Pendekatan kajian sebagaimana yang dimaksud di atas adalah idealitik yakni pola yang lebih mengutamakan penggalian psikologis manusia sesuai dengan ajaran Islam sendiri. Pendekatan ini menggunakan deduktif dengan cara menggali premis mayor (sebagai postulasi) yang digali dari nash. Konstruksi premis mayor ini dijadikan sebagai ‘kebenaran universal’ yang menjadi kerangka acuan penggalian premis minornya.
Pendekatan Idealistik dalam Psikologi Islam
Melalui model ini, maka terciptalah apa yang disebut sebagai psikologi Islam. Paradigma pendekatan idealistik dalam Psikologi Islam dapat dipahami sebagai berikut:
- Aksioma didasarkan atas suatu kerangka pedoman mutlak dari Tuhan dan rasul-Nya.
- Empiris-metaempiris
- Rasional-intuitif
- Eksplisit mengungkapkan kemampuan spiritual
- Memandang objektivitas sebagai masalah umum dan bukan masalah khusus (pribadi).

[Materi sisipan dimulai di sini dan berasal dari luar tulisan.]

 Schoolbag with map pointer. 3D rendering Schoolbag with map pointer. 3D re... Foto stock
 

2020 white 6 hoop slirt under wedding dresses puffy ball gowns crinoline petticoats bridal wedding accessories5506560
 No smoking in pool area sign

- Memandang pengetahuan bersifat inklusif dan bukan eksklusif, yakni menganggap pengalaman manusia sebagai masalah subjektif yang sama validitasnya dengan evolusi yang bersifat objektif.

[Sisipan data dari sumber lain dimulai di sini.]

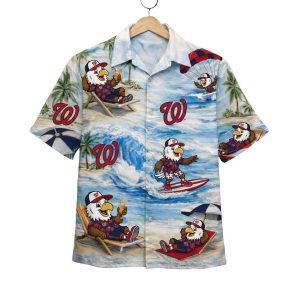 Nationals Baseball Mascot Beach Viber Button Up Hawaiian Shirt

- Memadukan konsep-konsep dari tingkat kesadaran (imajinasi-kreatif) dengan tingkatan pengalaman subjektif (mistik-spritual).

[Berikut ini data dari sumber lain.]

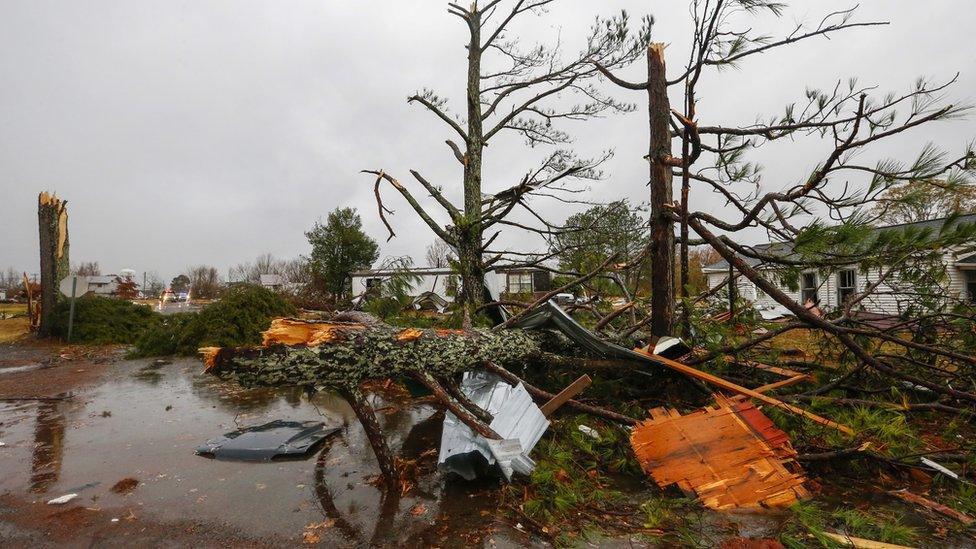 Aftermath of a tornado in Rosalie, Alabama, on 30 November 2016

- Tidak bertentangan dengan pandangan holistik.
Pendekatan idealistik dalam Psikologi Islam ini didasarkan atas asumsi bahwa pertama, Islam merupakan sistem ajaran yang universal dan komprehensif. Tak satu pun persoalan, termasuk persoalan psikologis, yang luput dari jangkauan ajaran Islam, meskipun hal itu belum menyentuh pada masalah-masalah Teknik operasioanal, namun disinilah posisi manusia dalam melakukan ijtihad. Kedua, psikologi Islam mesti dibangun dari pandangan dunia (world view) Islam dari kerangka pikir (mode of thought) Islam, mengingat dalam al-nash memuat sejumlah informasi mengenai persoalan-persoalan substansi psikologi misal al-fithrah, al-ruh, al-nafs, al-qalb, al-‘aql, al-dhamir, dan lain sebagainya, yang mana semua term itu tidak ditemukan di dalam psikologi Barat.
Pendekatan idealistik ini bisa dilakukan dengan menggunakan tiga metode atau cara yakni skriptualis, filosofis, dan tasawuf melalui tiga acuan yaitu wahyu, akal, dan intuisi. Skriptualis adalah pengkajian manusia yang didasarkan atas teks-teks AL-Qur’an ataupun hadis secara literal. Lafal-lafal yang terkandung di dalam Al-Qur’an maupun hadis sudah dianggap jelas dan tidak perlu lagi penjelasan di luar ayat atau hadis tersebut. Pengembang psikologi Islam yang menggunakan cara ini memiliki jargom yakni ana aqrau fa idza huwa maujud (aku membaca maka psikologi ada). Cara ini bisa dilakukan melalui tematis (maudhu’i), analisis (tahlili), komparatif (muqarin), dan global (ijmali).
Falsafi adalah pengkajian manusia yang didasarkan atas berpikir spekulatif. Ciri cara ini adalah radikal, sistemik dan universal yang ditopang oleh kekuatan akal sehat. Namun demikian, tidak berarti meninggalkan nash, melainkan tetap berpegang teguh kepada nash, hanya saja cara memahaminya dengan mengambil makna esensial yang terkandung di dalamnya. Jargon yang berfikir falsafi adalah ana ufakkir fa idza huwaw maujud (saya berfikir maka psikologi ada).
Sufistik atau tasawufi adalah pengkajian manusia yang didasarkan pada daya intuitif, ilham dan cita-rasa. Prosedur yang dimaksud dilakukan dengan cara menajamkan struktur kalbu melalu proses penyucian diri (tazkiyah al-nafs). Cara ini dapat membuka tabir (hijab) yang menjadi penghalang antara ilmu-ilmu Allah dengan jiwa manusia, sehingga mereka memperoleh ketersingkapan dan mampu mengungkap hakikat jiwa yang sesungguhnya. Jargon kaum sufi ini adalah ana urid fa idza huwa maujud (saya berhasrat maka psikologi ada) dan man lam yadzuq lam ya’rif (barangsiapa yang tidak merasa maka ia tidak akan mengetahui).